Every line below from the one containing "Pack6 Modulo Organizador" through the one containing "open lace back" is to be printed exactly, with the pictures omitted.

● Records supplied:
----------
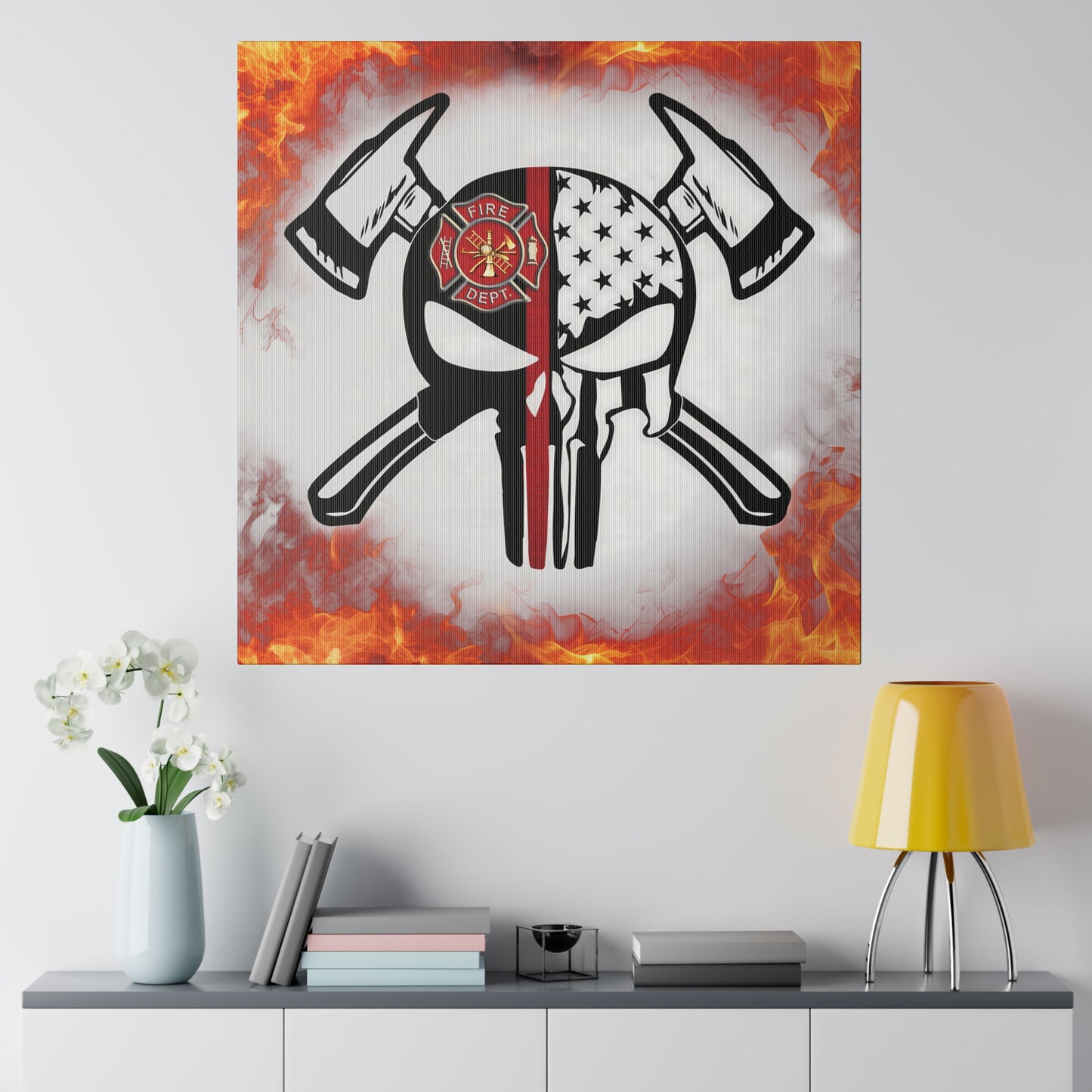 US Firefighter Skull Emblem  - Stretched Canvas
----------
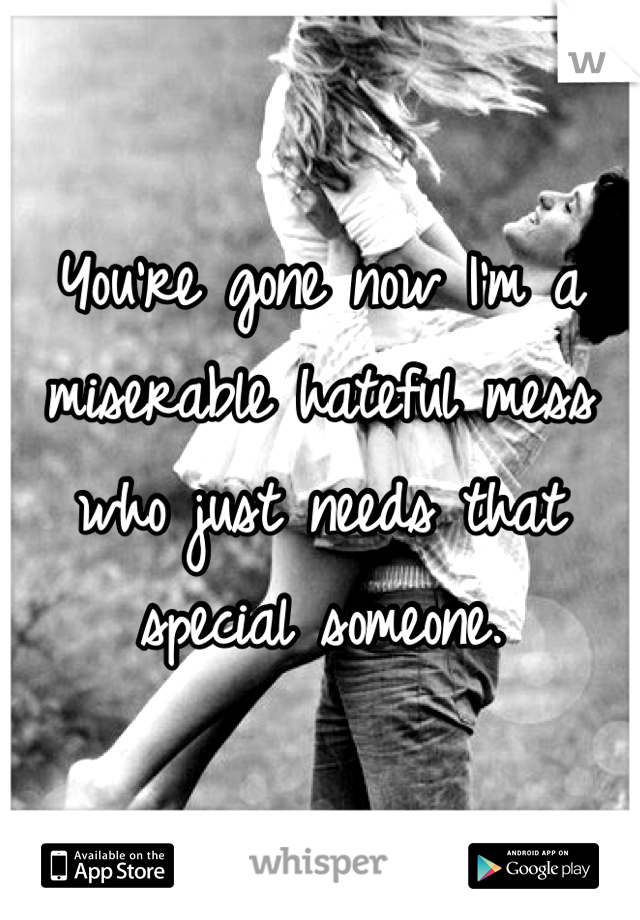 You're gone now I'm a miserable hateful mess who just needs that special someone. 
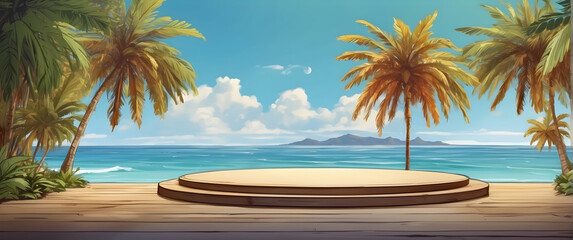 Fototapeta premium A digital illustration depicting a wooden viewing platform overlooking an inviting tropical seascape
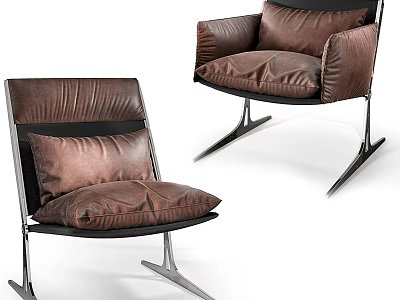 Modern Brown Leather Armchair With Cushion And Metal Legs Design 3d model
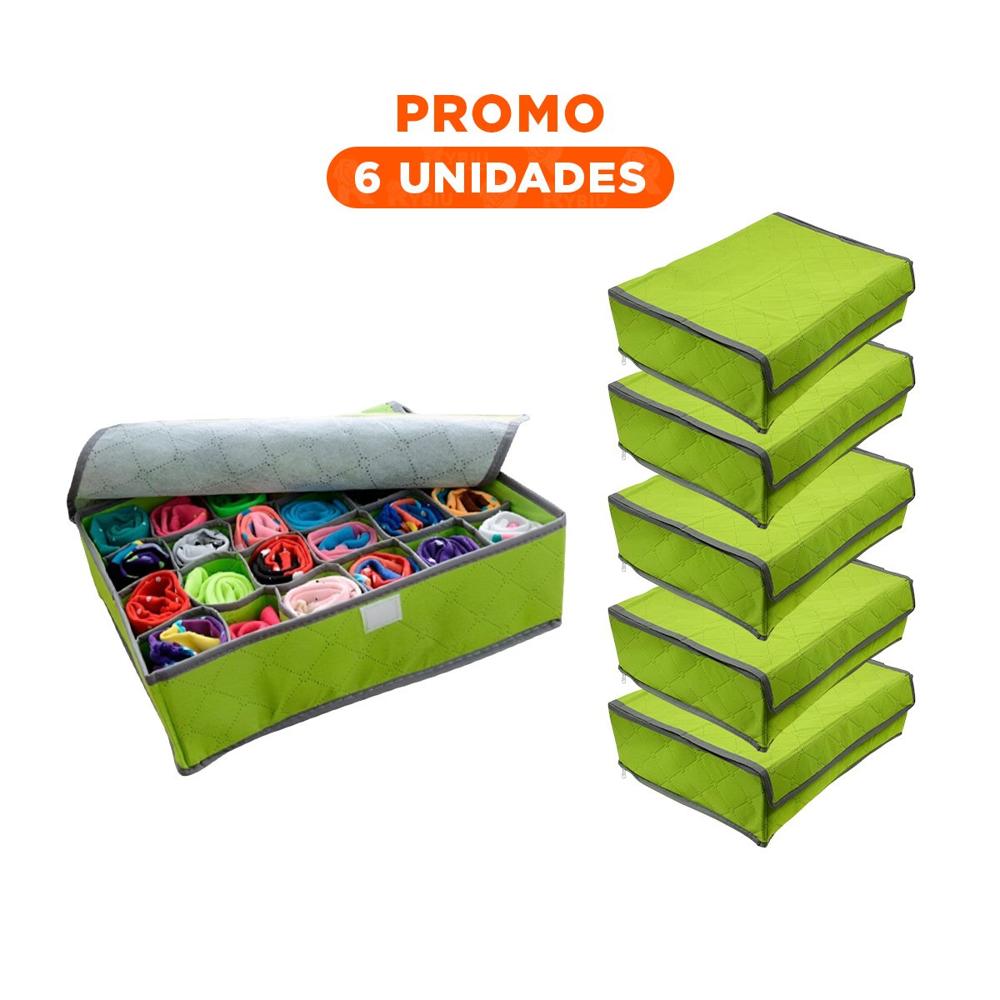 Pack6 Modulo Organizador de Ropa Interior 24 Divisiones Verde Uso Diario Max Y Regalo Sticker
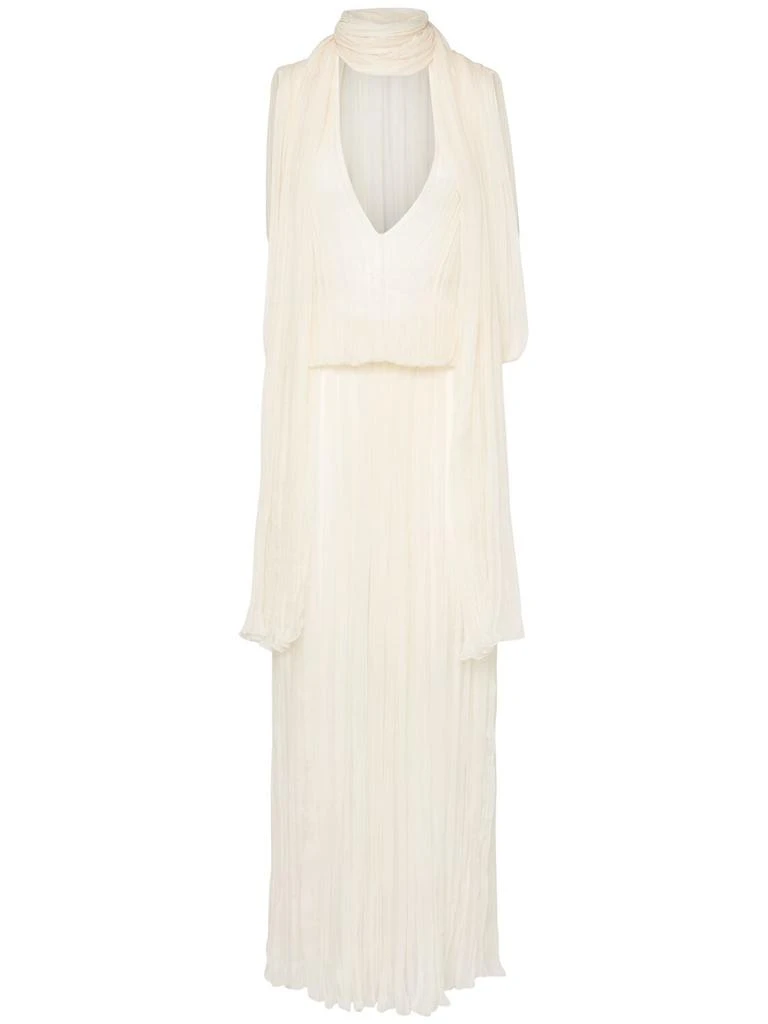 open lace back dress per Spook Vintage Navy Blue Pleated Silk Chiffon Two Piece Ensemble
----------
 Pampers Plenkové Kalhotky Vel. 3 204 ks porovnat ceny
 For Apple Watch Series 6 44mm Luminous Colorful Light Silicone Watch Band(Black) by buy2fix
----------
● Result of this exercise:
 Pack6 Modulo Organizador de Ropa Interior 24 Divisiones Verde Uso Diario Max Y Regalo Sticker
 open lace back dress per Spook Vintage Navy Blue Pleated Silk Chiffon Two Piece Ensemble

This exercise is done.